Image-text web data

-- Opening Marker --

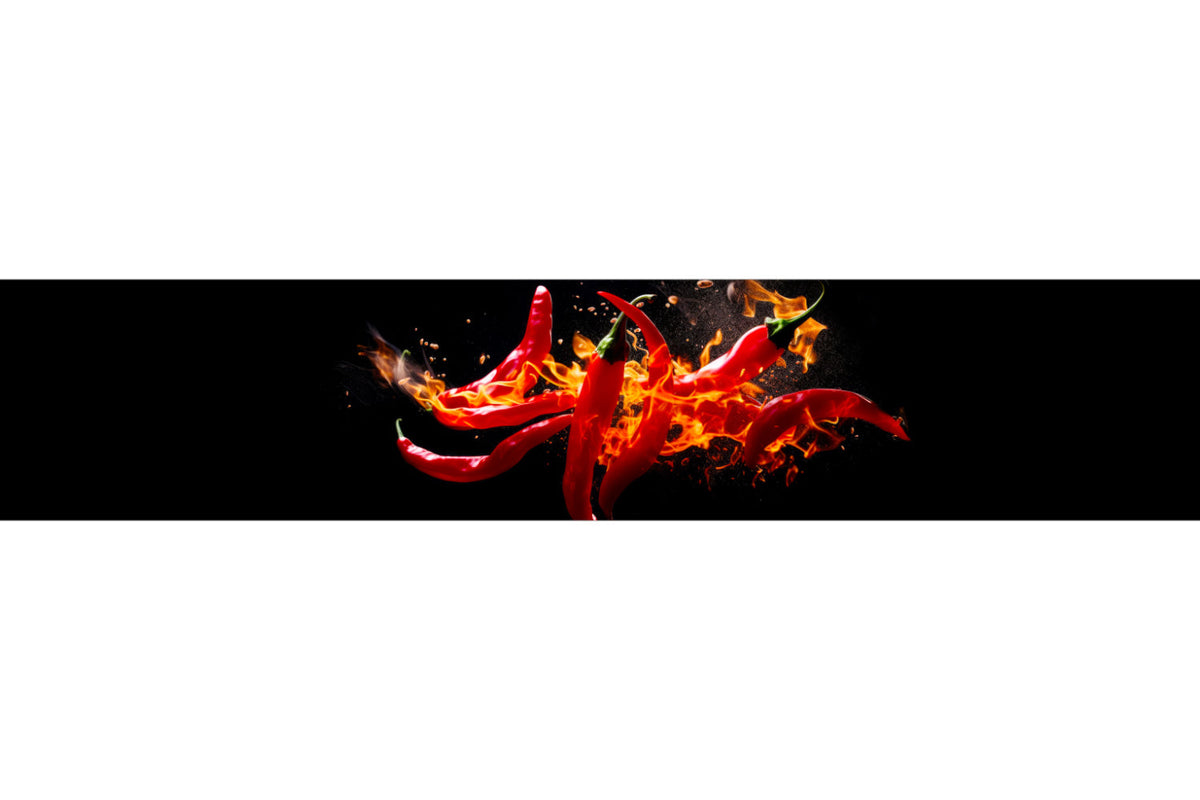 Spritzschutz Küche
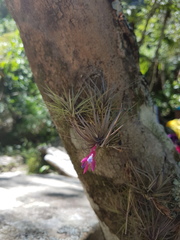 Tillandsia tenuifolia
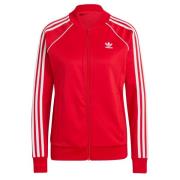 ADIDAS ORIGINALS Collegetakki 'Adicolor Classics'  tulenpunainen / val...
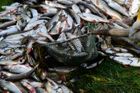 Najít zdroj kyanidu v Bečvě je otázka hodin, tvrdí Brabec. Uhynuly desítky tun ryb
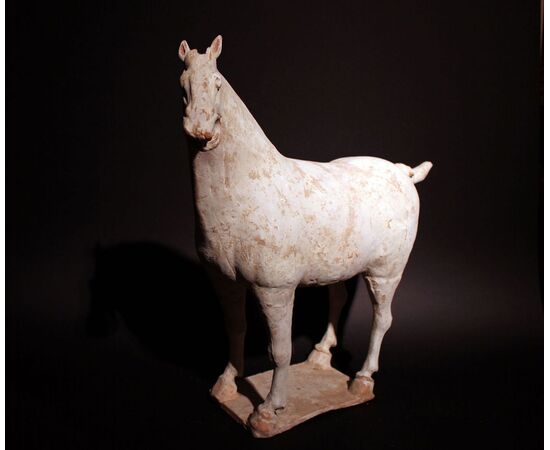 Cavallo in terracotta 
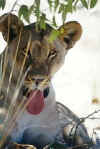 Namibia.Etosha.Lion1_2001.jpg (24286 bytes)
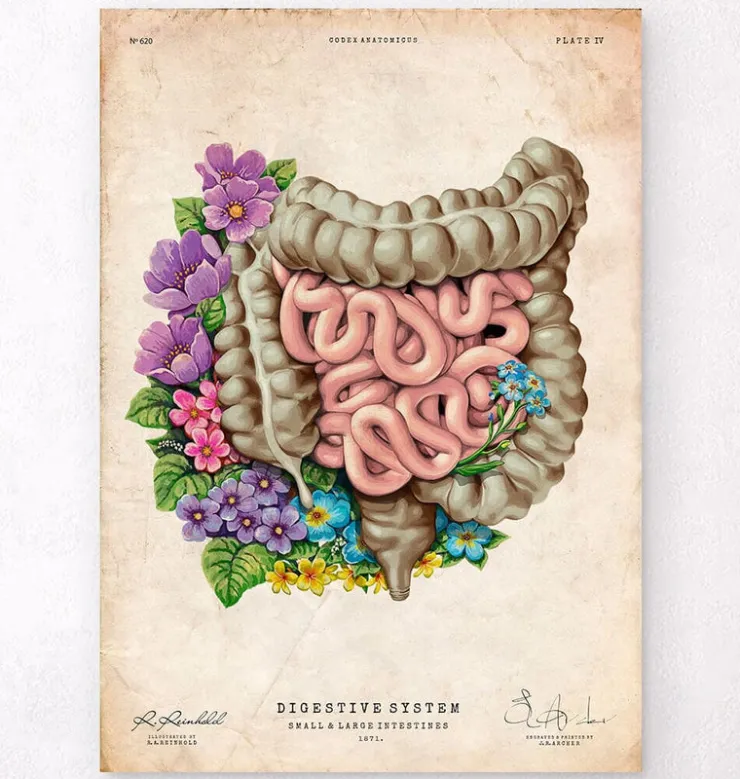 Anatomie des intestins - Floral - Vieux Papier-Codex Anatomicus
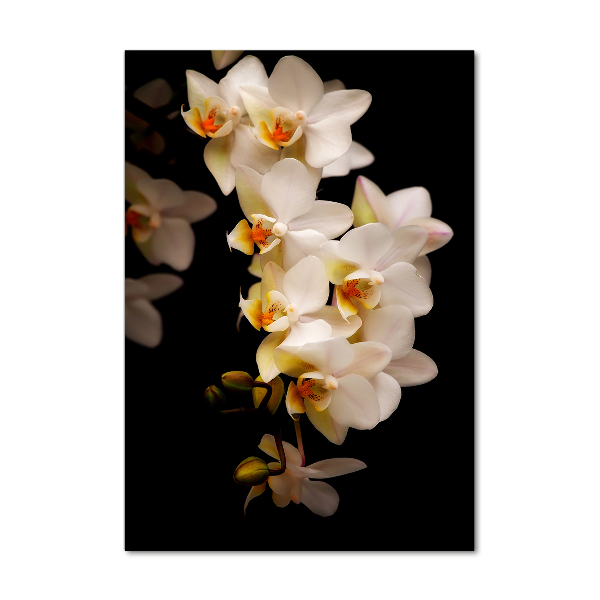 Staand foto op plexiglas Orchidee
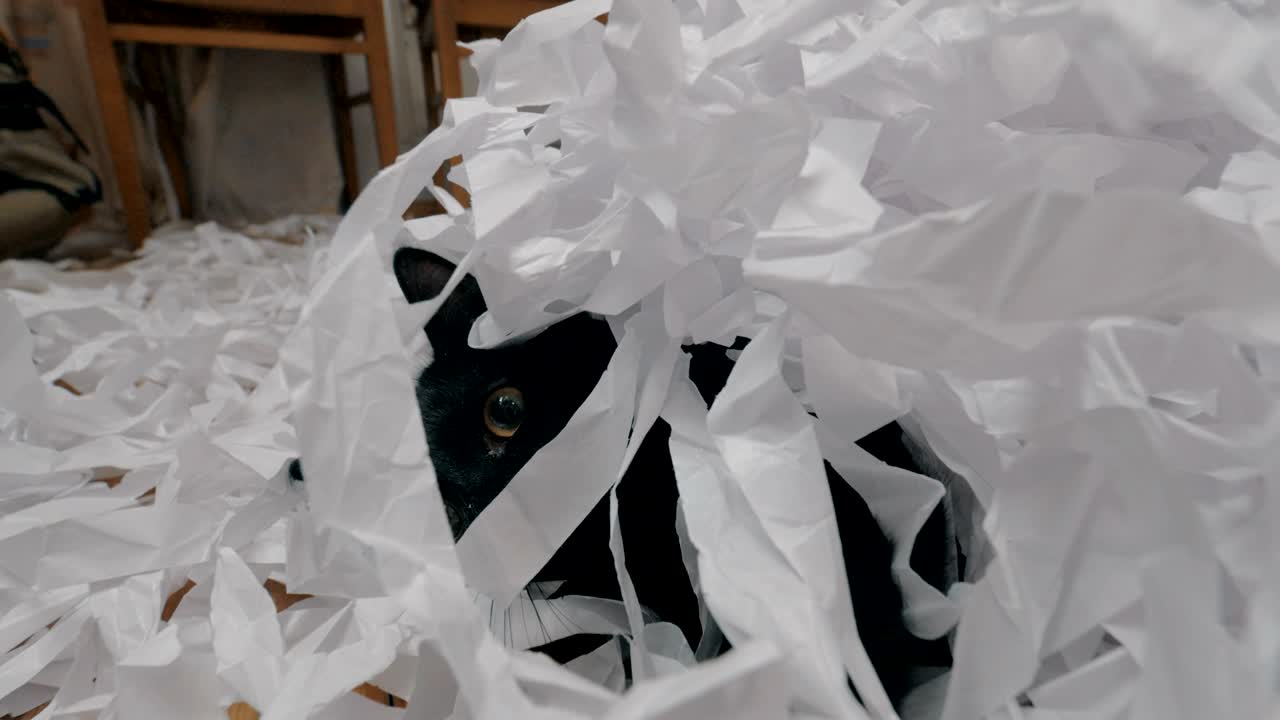 Black cat playing with cut paper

-- Closing Marker --

* What you will do *
Reproduce exactly the lines that run from the line holding "Tillandsia tenuifolia" through the final line of the entries, and omit every picture.

* Output of the exercise *
 Tillandsia tenuifolia
 ADIDAS ORIGINALS Collegetakki 'Adicolor Classics'  tulenpunainen / val...
 Najít zdroj kyanidu v Bečvě je otázka hodin, tvrdí Brabec. Uhynuly desítky tun ryb
 Cavallo in terracotta 
 Namibia.Etosha.Lion1_2001.jpg (24286 bytes)
 Anatomie des intestins - Floral - Vieux Papier-Codex Anatomicus
 Staand foto op plexiglas Orchidee
 Black cat playing with cut paper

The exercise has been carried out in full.